現場ではこれまで、紙を使って4ラウンド(4段階)のKY活動を行っていた。しかし、危険ポイントの洗い出しには個人差があり、経験の浅い作業者はリスクを取りこぼす可能性がある。一方、ベテランでも慣れやマンネリで活動が形骸化することがあり、危険予知の質が個人の経験やスキルに左右されていた。
そこでKY-Supportアプリでは、4ラウンドKYの手順に準拠しながら、作業内容に応じてAIが危険ポイントを抽出する仕組みを取り入れた。ベースとなるデータは、過去の昇降機の作業データを全件取り込み、過去の災害情報も数千件規模で活用しているという。
サブプロジェクトマネージャーの加藤麻耶氏は、アプリ開発で重視した点は、2つあるとした。
1つは現場での操作性だ。現場でPCを立ち上げなくてもいいように、スマートフォンで扱えるようにした。音声入力にも対応するなど、簡単に操作できることを重視した。
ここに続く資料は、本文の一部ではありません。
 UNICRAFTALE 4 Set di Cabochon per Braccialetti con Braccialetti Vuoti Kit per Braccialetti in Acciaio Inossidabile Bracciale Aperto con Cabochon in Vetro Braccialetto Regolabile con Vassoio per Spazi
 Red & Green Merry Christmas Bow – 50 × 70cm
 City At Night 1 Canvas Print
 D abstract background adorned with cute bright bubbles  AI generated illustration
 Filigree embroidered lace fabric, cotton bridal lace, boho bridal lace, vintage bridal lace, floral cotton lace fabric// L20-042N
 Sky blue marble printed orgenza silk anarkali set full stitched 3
もう1つは、全てをAIに任せるのではなく、作業者自身が考える仕組みとした点だ。
第1ラウンドでは、MEBSで定める安全に関する10項目の基準に沿って、AIが作業内容に応じた危険ポイントを抽出する。墜落や転落など、注意すべき危険が表示され、作業者は内容を確認し、納得するなら次へ進む。AIの提示内容に違和感があれば、チェックを外すこともできる。AIに任せきりにせず、作業者自身が判断する余地を残している。
第2ラウンドでは、第1ラウンドで抽出された危険ポイントの中から、今回の作業で最も重要な危険を作業者自身が絞り込む。
第3ラウンドでは、その危険に対する行動目標を入力する。音声入力にも対応しており、入力内容が安全衛生部の定めた形式に沿っているかをAIが確認し、必要に応じて改善を促す。加藤氏によれば、「現場でも好評で、『そうだった』という気づきを与えられる形になっている」という。
第4ラウンドでは、AIが行動目標をもとに指差呼称用の短縮文章を生成する。作業者はそれを現場で指差呼称し、タップして確認することで、4ラウンドKYの一連の流れが完了する。
導入間もないが、現場からはおおむね好意的に受け止められている。複数人の作業時にリーダーの画面を他メンバーの端末にも共有したいという要望もあり、使い勝手の改善も予定している。